Shared allocations may be prefetched to a supporting device via the zeCommandListAppendMemoryPrefetch API. Prefetching may allow memory transfers to be scheduled concurrently with other computations and may improve performance.
Additionally, an application may provide memory advice for a shared allocation via the zeCommandListAppendMemAdvise API, to override driver heuristics or migration policies. Memory advice may avoid unnecessary or unprofitable memory transfers and may improve performance.
Both prefetch and memory advice are asynchronous operations that are appended into command lists.
Reserved Device Allocations¶
If an application needs finer grained control of physical memory consumption for device allocations then it can reserve a range of the virtual address space and map this to physical memory as needed.
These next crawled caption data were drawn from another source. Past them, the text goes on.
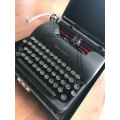 Antique Smith Corona Sterling Typewriter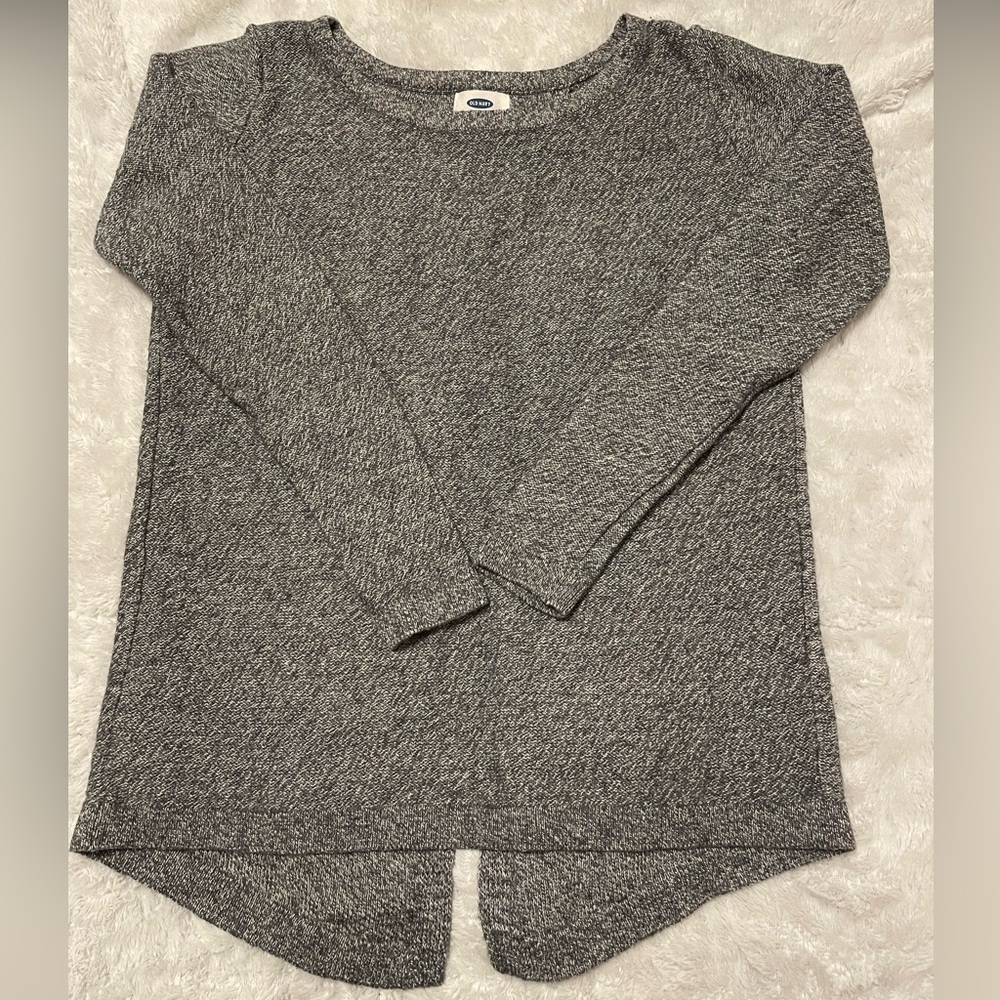 NWOT Old Navy Tulip Criss Cross Open Back Sweater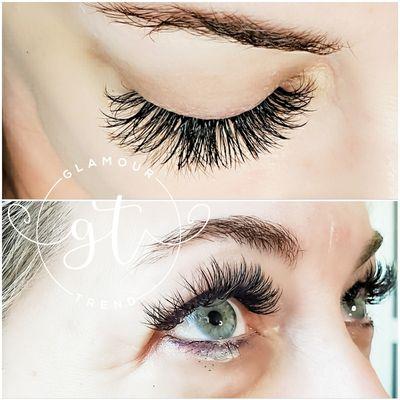 Hybrid Lashes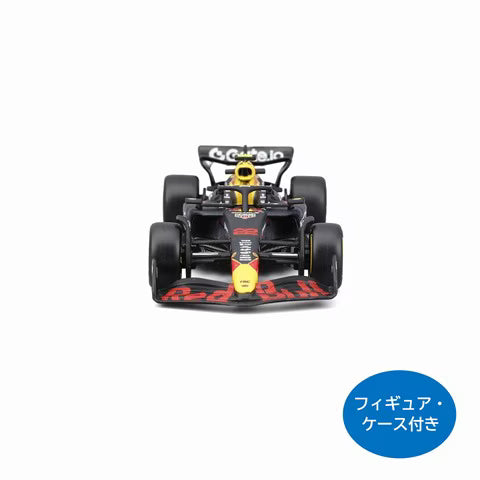 [ Pre-order ] BUR38234T Bburago 1:43 Oracle Red Bull Racing RB21 2025 Bahrain GP #22 Yuki Tsunoda Driver / Case Included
This provides flexibility for applications to manage large dynamic data structures which can grow and shrink over time while maintaining optimal physical memory usage.
Reserving Virtual Address Space¶
Virtual memory can be reserved using zeVirtualMemReserve. The reservation starting address and size must be page aligned. Applications should query the page size for the allocation using zeVirtualMemQueryPageSize.
The following pseudo-code demonstrates a basic sequence for reserving virtual memory:
// Query page size for our 1MB allocation. size_t pageSize; size_t allocationSize = 1048576; zeVirtualMemQueryPageSize(hContext, hDevice, allocationSize, &pageSize); // Reserve 1MB of virtual address space. size_t reserveSize = align(allocationSize, pageSize); void* ptr = nullptr; zeVirtualMemReserve(hContext, nullptr, reserveSize, &ptr);
Growing Virtual Address Reservations¶
An application may wish to reserve an address range starting at a specific virtual address. This may be useful when there is a need to grow a reservation. However, if the implementation is not able to reserve the new allocation at the requested starting address then it will find a new suitable range with a different starting address. If the application requires a specific starting address then the application should ensure that the return address from zeVirtualMemReserve matches the starting address it wants. If they are different then the application may want to create a new larger reservation and remap the physical memory from the first reservation to this new reservation and free the old reservation.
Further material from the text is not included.